§ The problem:
The answer should consist of the records below, repeated exactly, and no pictures.

§ Records to use:
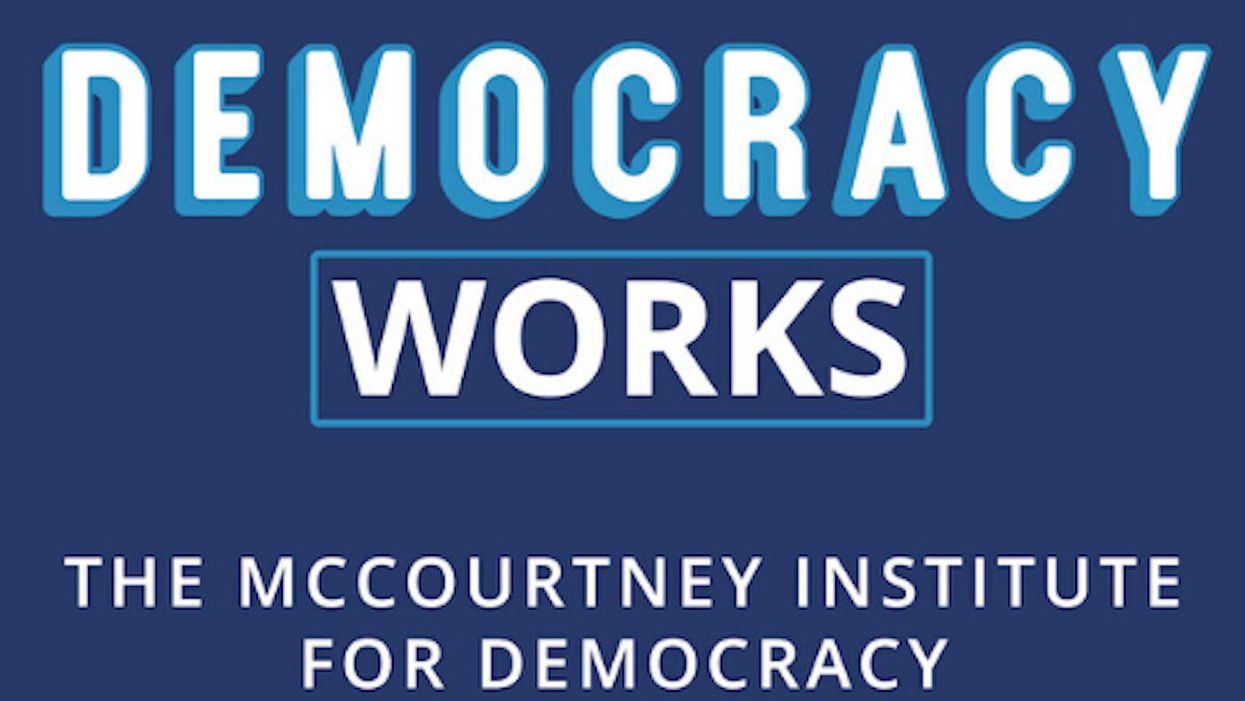 Podcast: Defending democracy at home and abroad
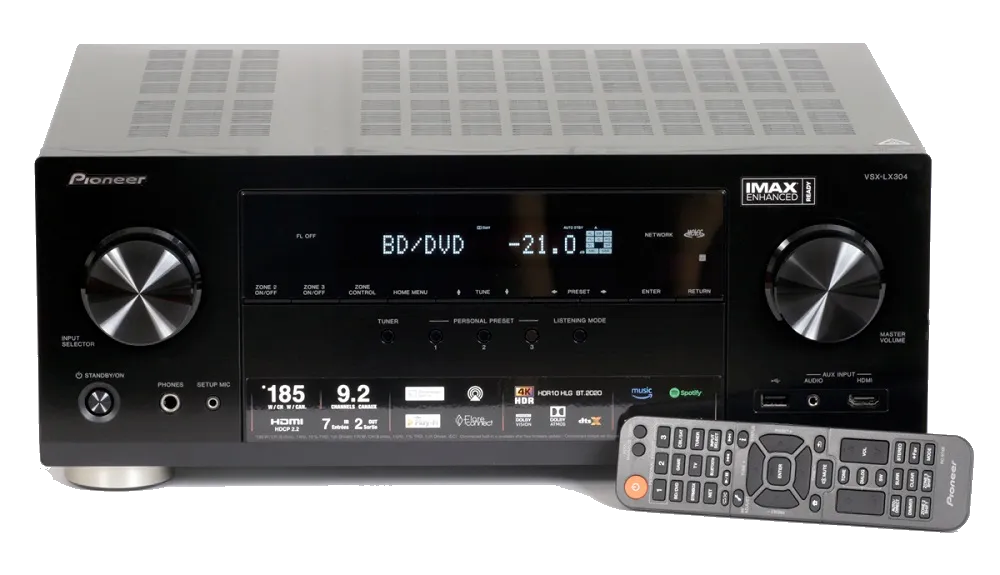 Ремонт VSX-LX304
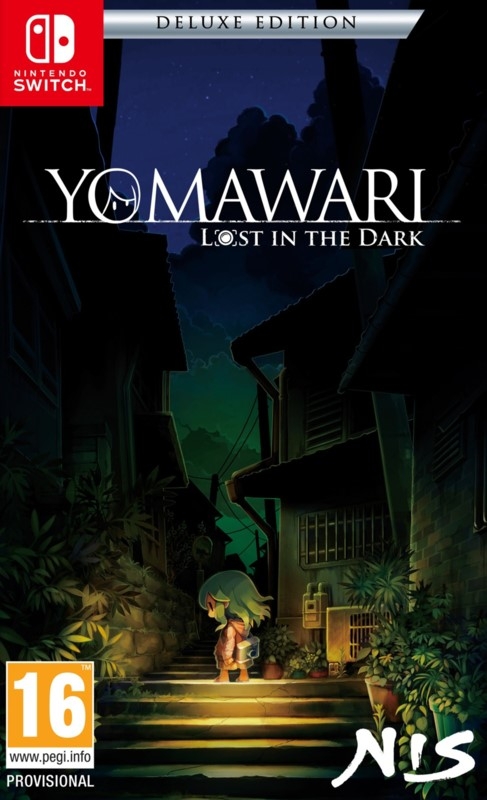 Boxshot Yomawari: Lost in the Dark - Deluxe Edition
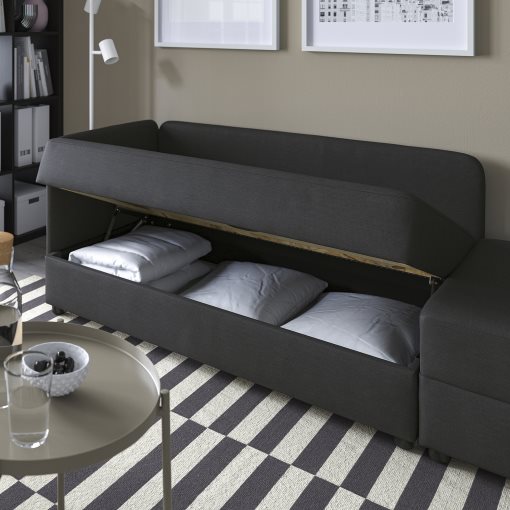 LINDÅKRA, 2-seat sofa-bed, 205.826.10
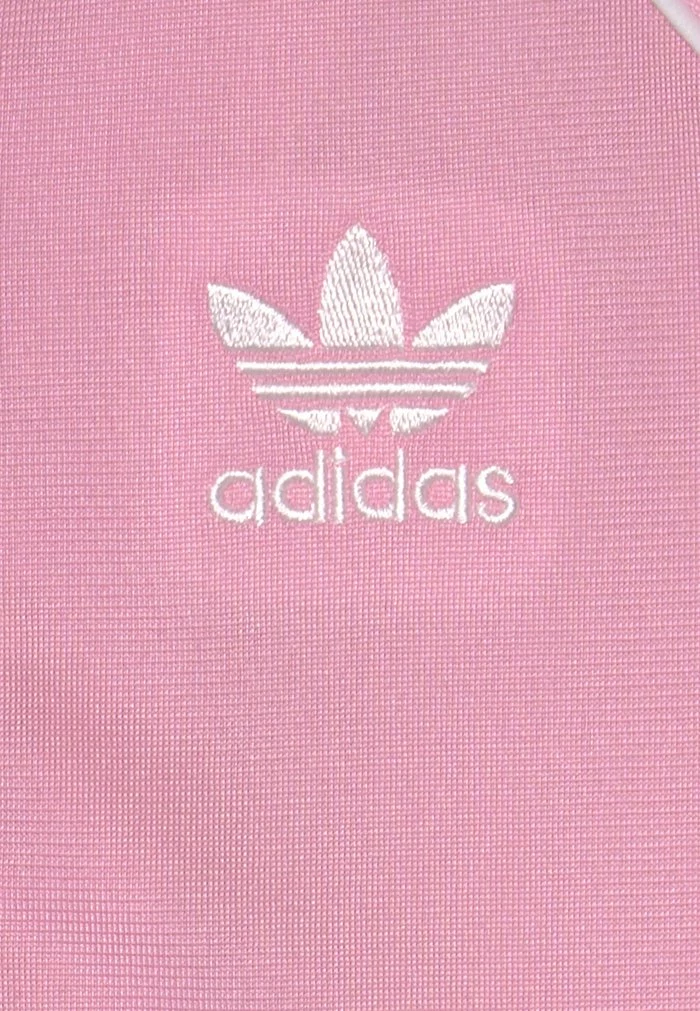 Adidas Originals TRACKSUIT - Training Jacket - True Pink/white 4 Adidas Originals TRACKSUIT - Training Jacket - True Pink/white - Image 4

§ Task response:
 Podcast: Defending democracy at home and abroad
 Ремонт VSX-LX304
 Boxshot Yomawari: Lost in the Dark - Deluxe Edition
 LINDÅKRA, 2-seat sofa-bed, 205.826.10
 Adidas Originals TRACKSUIT - Training Jacket - True Pink/white 4 Adidas Originals TRACKSUIT - Training Jacket - True Pink/white - Image 4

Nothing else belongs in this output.